I got the call on a Wednesday. The voice on the other end was professional, slightly cheerful, delivering news that should have sent me jumping around my room. "We'd like to onboard you."
I said thank you. I said I was excited. I said all the right things.
But when I hung up, I just sat there. No overwhelming relief. Just... Wednesday, continuing to be Wednesday.
It's been seven weeks since May 22nd, 2025. Seven weeks of "we'll be in touch" emails that never came, of rejection letters that felt like paper cuts accumulating into something deeper. Seven weeks of explaining gaps in my resume, of watching my savings dwindle, of that particular kind of shame that comes with being asked "So what do you do?" at social gatherings or people asking my parents "what does your daughter do?"
I used to wake up at 5:30, move through my day with the precision of someone who knew exactly what came next. Now I wake up whenever my body decides it's done sleeping, and the days stretch out like uncharted territory.

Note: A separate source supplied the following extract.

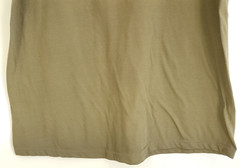 Military Style T-Shirt Unisex Large/XL? Olive Green Drab Distressed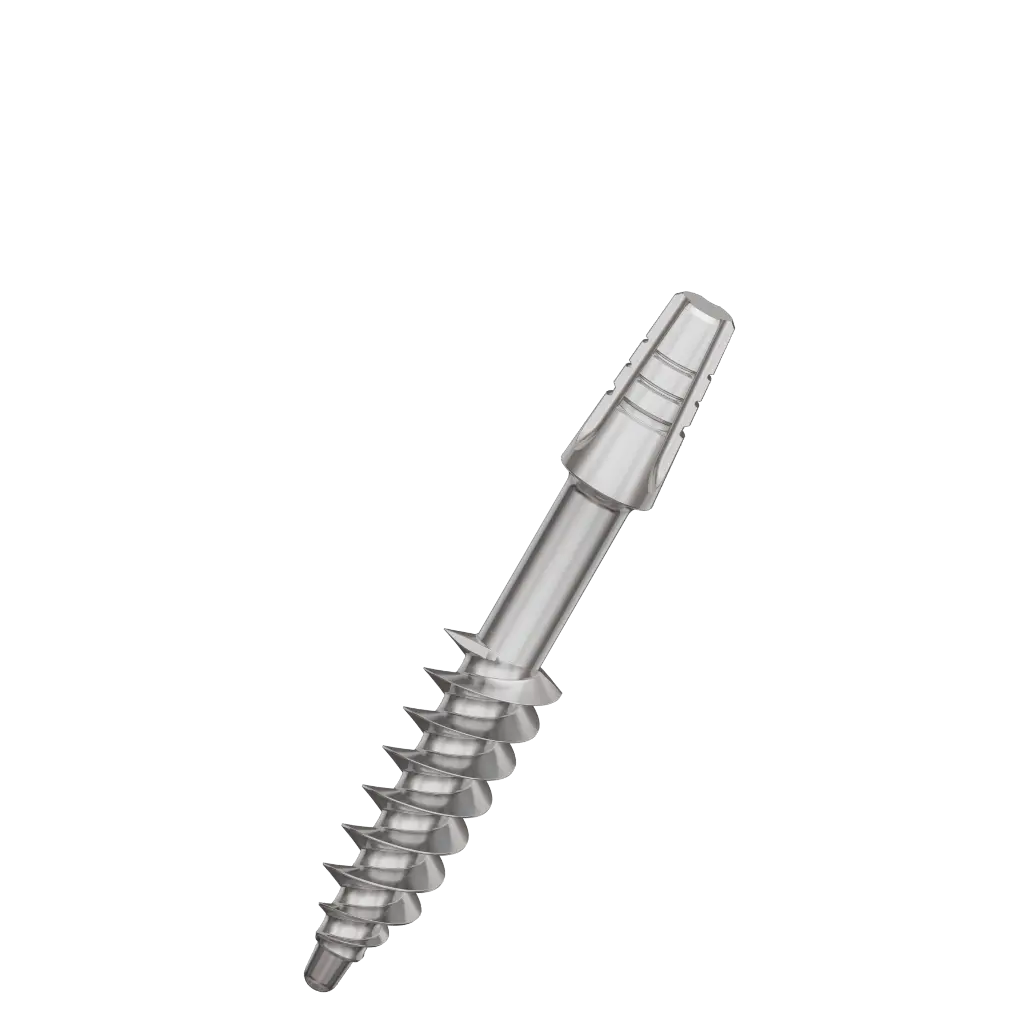 Dental Implant, ROOTT B, D 4.5 mm, L 20 mm.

The desperate urgency that used to wake me up at 3 AM to check job boards has settled into something quieter, more resigned. I've learned to find contentment in small things – the way afternoon light falls across my desk, the luxury of reading a book without guilt, the simple pleasure of not having to perform productivity for anyone but myself.
These seven weeks have been different. Longer mornings without alarms. Meals eaten whenever, not because my body expected them at specific hours. No evening routine to anchor me, no carefully timed calls to mom spaced through the day like bookends holding my hours together.
My parents, of course, are ecstatic. The relief in their voices palpable, as if they'd been holding their breath for seven weeks straight. "Finally, Congratulations!"They see victory where I see... continuation.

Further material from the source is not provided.